SACRAMENTO, Calif (AP) — California lawmakers are considering upending the state’s struggling bottle and can recycling program by requiring beverage distributors to create a new system to take back their own containers, similar to one that has been successful in neighboring Oregon.
A state Senate committee is set to consider the proposal Wednesday as part of a plan that also would add wine and liquor bottles to the program in 2024. California is one of 10 states where consumers must pay a 5- or 10-cent deposit on bottles and cans that they can redeem when they turn in those containers, with the goal of increasing the chance people will recycle.
The problem is about half of California’s recycling centers have closed in recent years, leaving people more likely to toss containers in the garbage instead of taking them in to be reused and getting their money back. All of San Francisco, for instance, now has just four locations.
The measure by Democratic Sen. Bob Wieckowski of Fremont would require beverage makers to come up with their own more convenient recycling program by 2024. It would eventually reduce the state’s role in oversight and enforcement.
“The current system is broken down, it’s antiquated, it’s done,” he said. His proposal should appeal to Republicans as well as Democrats because “we’re going to turn it over to private business.”
Oregon, Michigan, Norway, Germany and Lithuania all put the responsibility on the beverage industry and require retailers to accept recyclables, and all have higher redemption rates than California, the advocacy group Consumer Watchdog said Tuesday.
The group calls California’s program “the most inconvenient” out of 50 bottle deposit programs it reviewed.
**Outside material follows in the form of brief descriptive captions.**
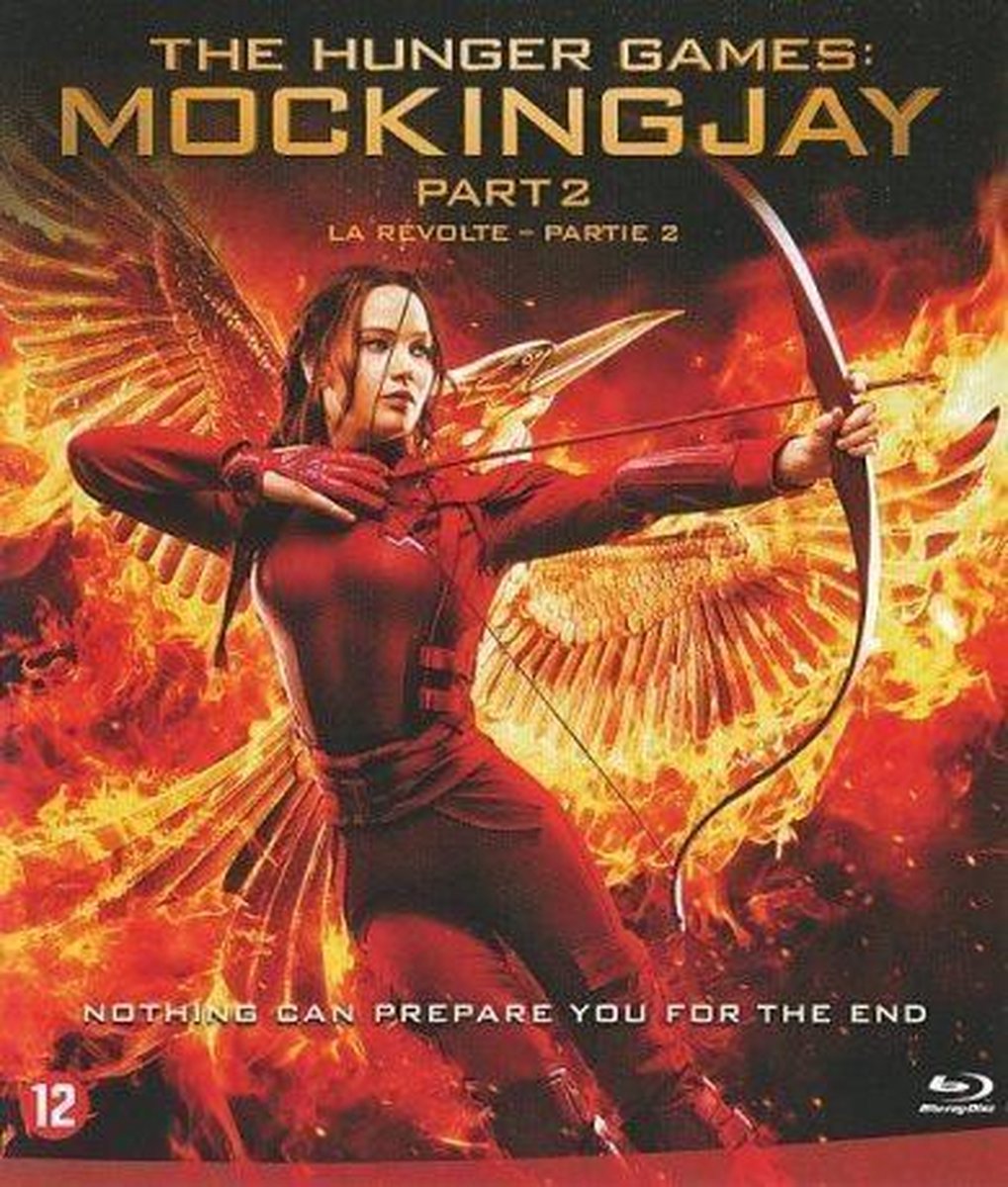 The Hunger Games - Mockingjay Part 2 (Blu-ray)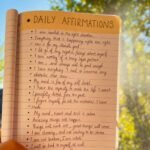 Daily affirmations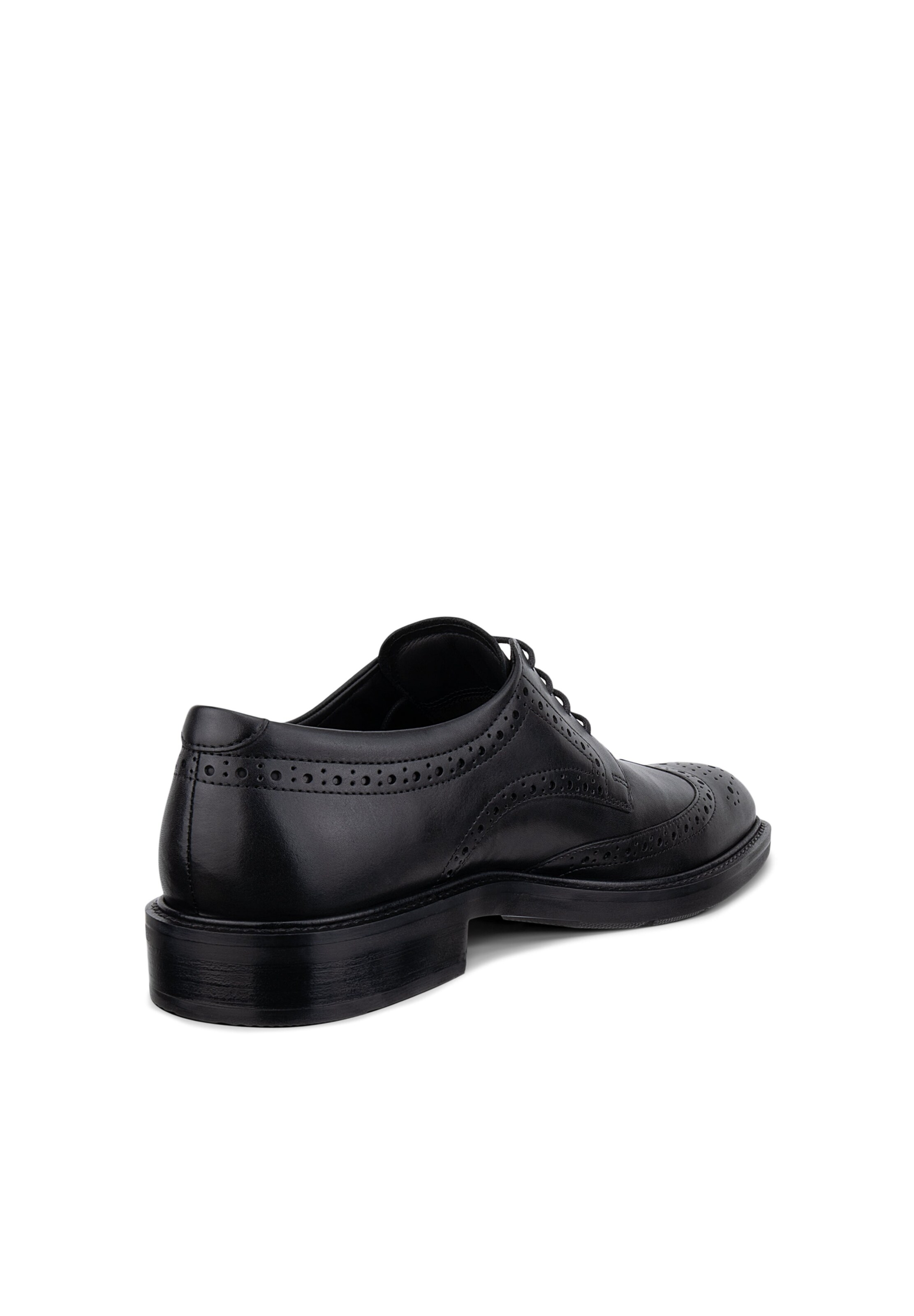 Chaussure à lacets 'Metropole Prague' ECCO en noir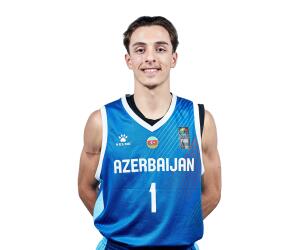 Ismayil Abdullayev basketball player - SG
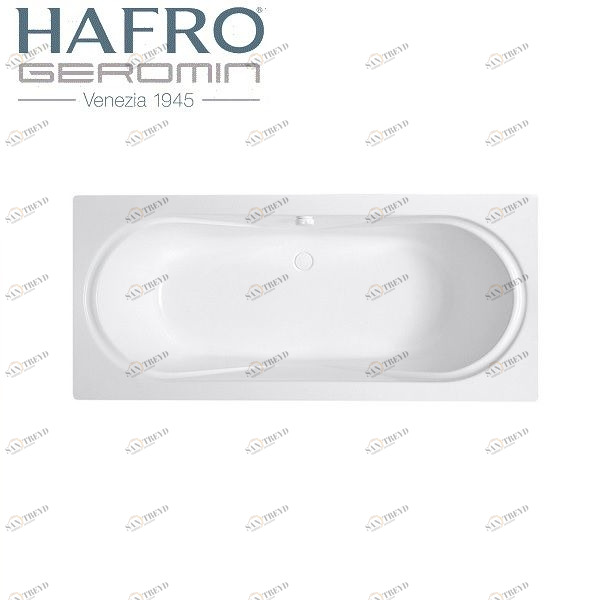 Ванна встроенная Ondaria 170/75 см с гидро и аэромассажем 2ODA2D6W Gruppo Geromin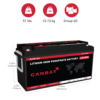 CanBat cli150-12lt 150Ah 12v lithium battery specs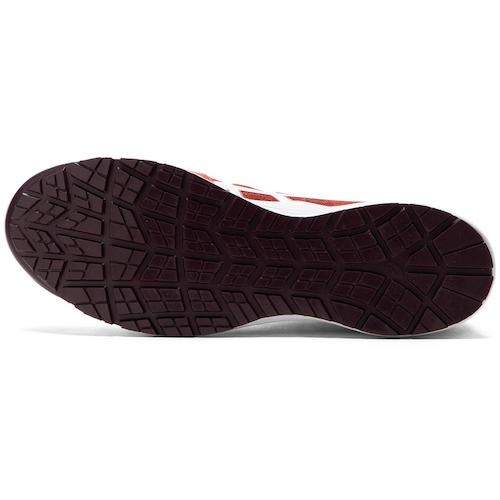 アシックス ウィンジョブ CP213 TS ファイアリーレッド×ホワイト 28.0cm【1271A052.600-28.0】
“We don’t have a place to bring our bottles and cans,” said Jamie Court, the group’s president. “The companies that are making the money selling the juice and soda are also the companies that should be handling the redemption and be responsible for having a 90% redemption rate.”
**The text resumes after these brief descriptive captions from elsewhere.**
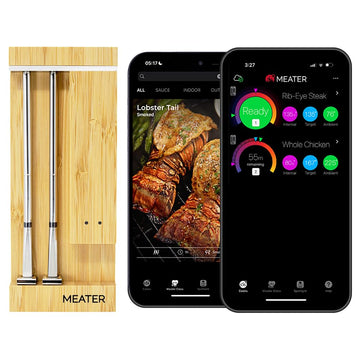 MEATER Pro Duo WiFi & Bluetooth Thermometer, 2-Probe, 1000°F, 6 Sensors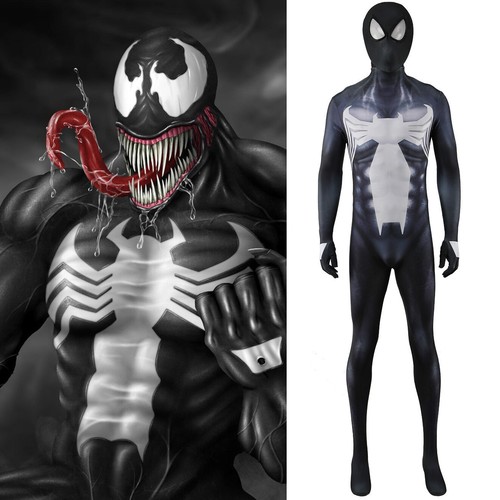 Nuovo venom spiderman tuta - nuovo,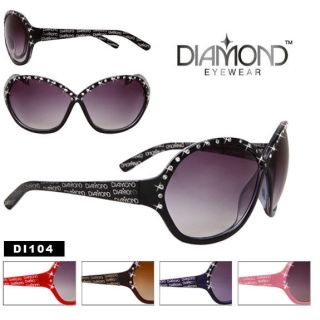 DIAMOND Womens Designer Sunglasses Style#DI104 NEW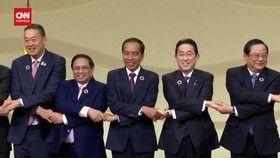 VIDEO: Jokowi di KTT Perayaan 50 Tahun ASEAN-Jepang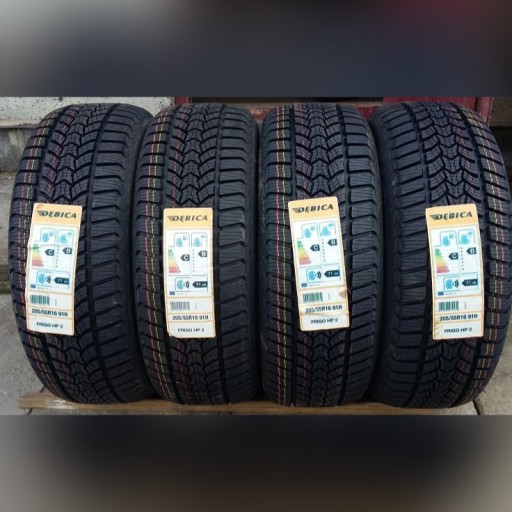 Zdjęcie oferty: 4 OPONY ZIMOWE 205/55R16 Dębica FRIGO HP 2 91H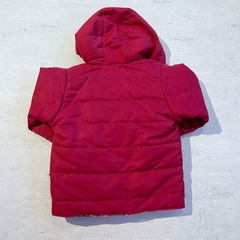 Campera con capucha (ÚLTIMA 9-12M) - Saque Buraque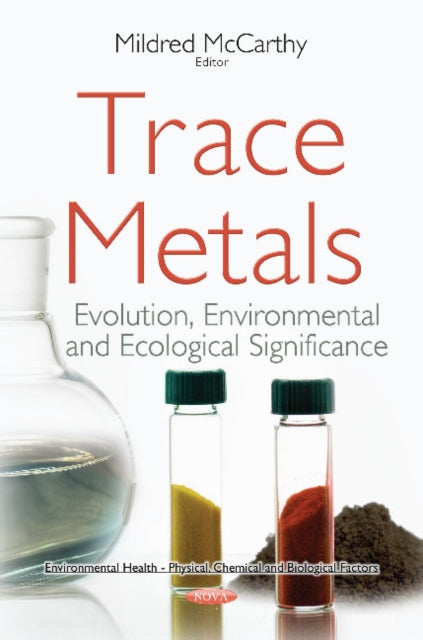 Book cover of: Trace Metals. By: Mildred McCarthy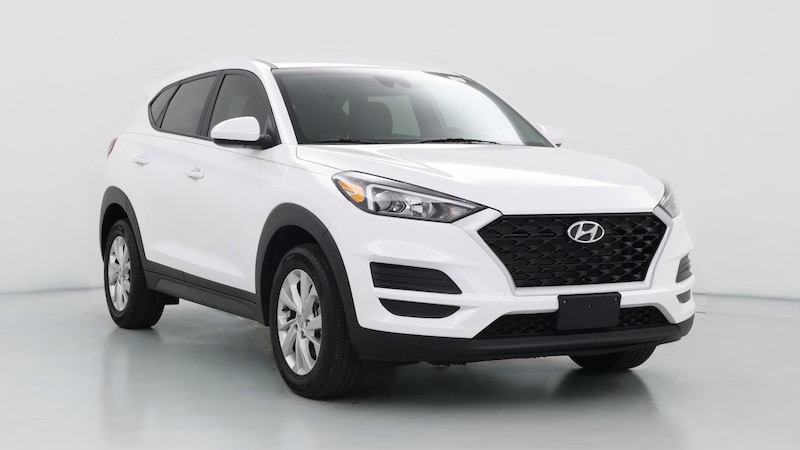 2020 Hyundai Tucson SE Hero Image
It recommended retailers, among other steps, use “reverse vending machines” that allow consumers to feed empties into a machine and give them cash or store credit.
The group says two-thirds of containers are redeemed by consumers in California, with an additional 12% redeemed by curbside waste haulers, not the customers who bought the products. It projected that adding wine and liquor bottles would increase recycling proceeds by about $100 million a year.
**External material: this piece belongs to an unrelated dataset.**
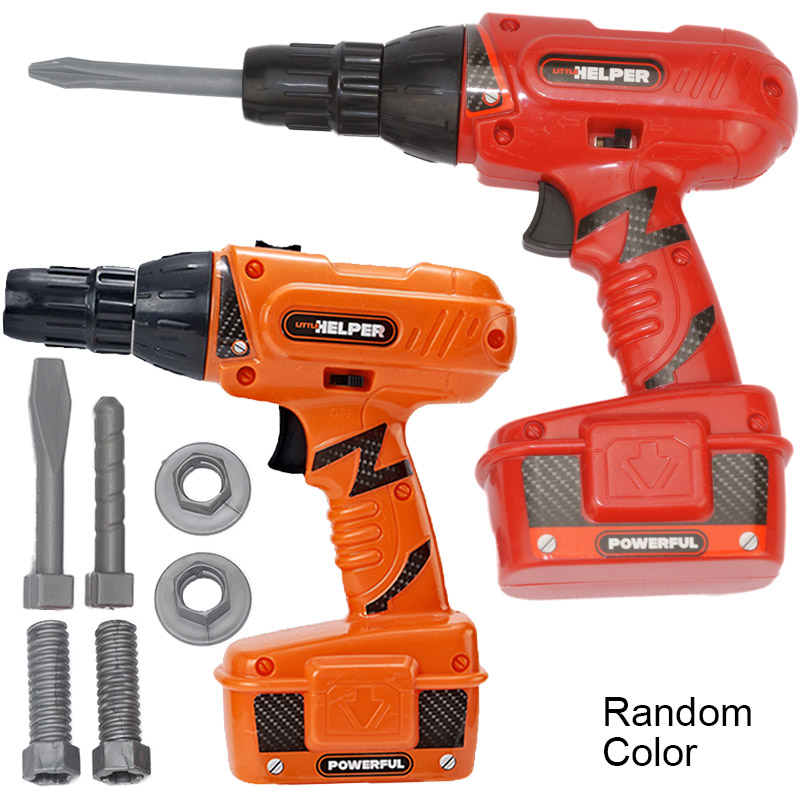 Tools Toys Electric Drill BO S - Gardening Tools For 10 Year Olds 评论和价格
PepsiCo and The Coca-Cola Co. did not respond to telephone and email requests seeking comment, but opposition to the measure is coming from the California Beer & Beverage Distributors, the Institute of Scrap Recycling Industries and Protect CRV, which represents the state’s remaining neighborhood recycling centers. CRV stands for California Refund Value, the nickel or dime deposit on each container.
Only Protect CRV responded to requests for comment, saying it supports turning the program over to the beverage makers. But the group is concerned that neighborhood centers could be left out and that reform won’t come soon enough to save some struggling centers, said Jeff Donlevy, the group’s treasurer and general manager of Ming’s Recycling in Sacramento and Hayward.
Without quick changes, “more are going to close and more people will get used to throwing it in their curbside containers,” Donlevy said.
California’s largest operator of recycling redemption centers closed in August, with RePlanet president David Lawrence blaming increased business costs and falling prices of recycled aluminum and plastic.
Other countries, particularly China, have become more selective in the types of waste they will buy from the U.S. California’s subsidies also have not kept pace with the slower demand, according to legislative analysts.
While some other states also have seen declining redemption rates in recent years, legislative analysts said Oregon’s has increased. The long-running program there is similar to what Wieckowski proposes — it is run by a cooperative of the state’s beverage distributors and grocery retailers.
The California bill is similar to one from Wieckowski that stalled in the Senate two years ago. He’s confident he can get it through the Senate this year but expects more opposition in the Assembly.
Lawmakers separately will consider two measures later this year requiring manufacturers to reduce single-use packaging by 2024 and make them recyclable or compostable. That change “would also drastically impact the solid waste world in California,” legislative analysts said.